## TASK INSTRUCTIONS
Quote these lines exactly: the one that holds "OEM Polaris 1202629" and every line after it to the end of the material below. Skip pictures.

BEGIN INFORMATION PROVIDED

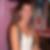 Profilbild von Stefanie Schultz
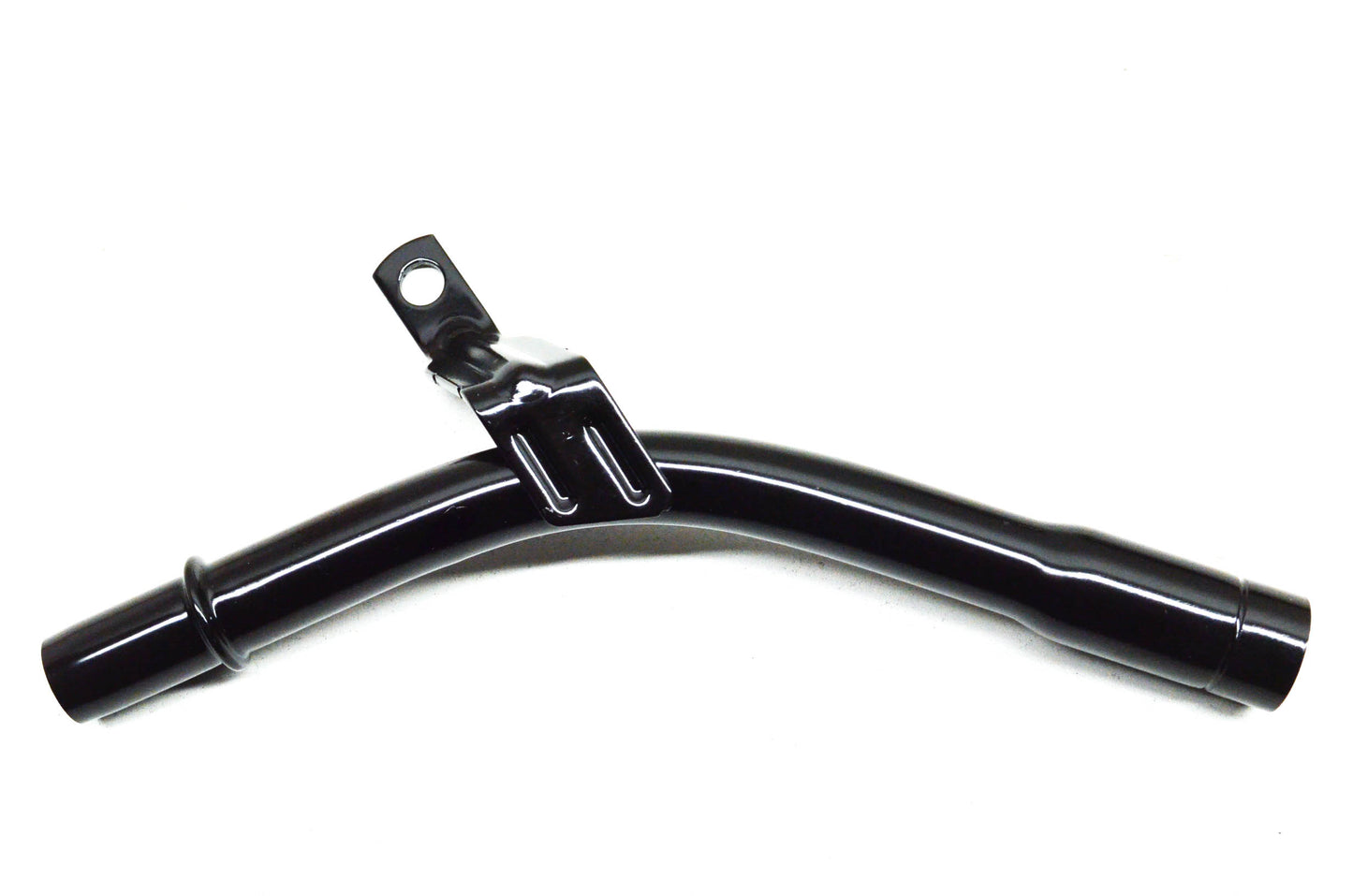 OEM Polaris 1202629 Oil Filler Tine Assembly NOS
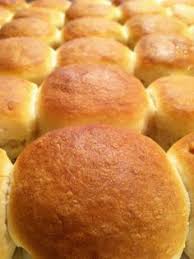 Yeast is an essential ingredient as it is what makes the dough rise and gives bread its characteristic taste and smell. 15 Best Self Raising Flour Ideas Recipes Food Cooking Recipes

END INFORMATION PROVIDED

## YOUR RESPONSE
 OEM Polaris 1202629 Oil Filler Tine Assembly NOS
 Yeast is an essential ingredient as it is what makes the dough rise and gives bread its characteristic taste and smell. 15 Best Self Raising Flour Ideas Recipes Food Cooking Recipes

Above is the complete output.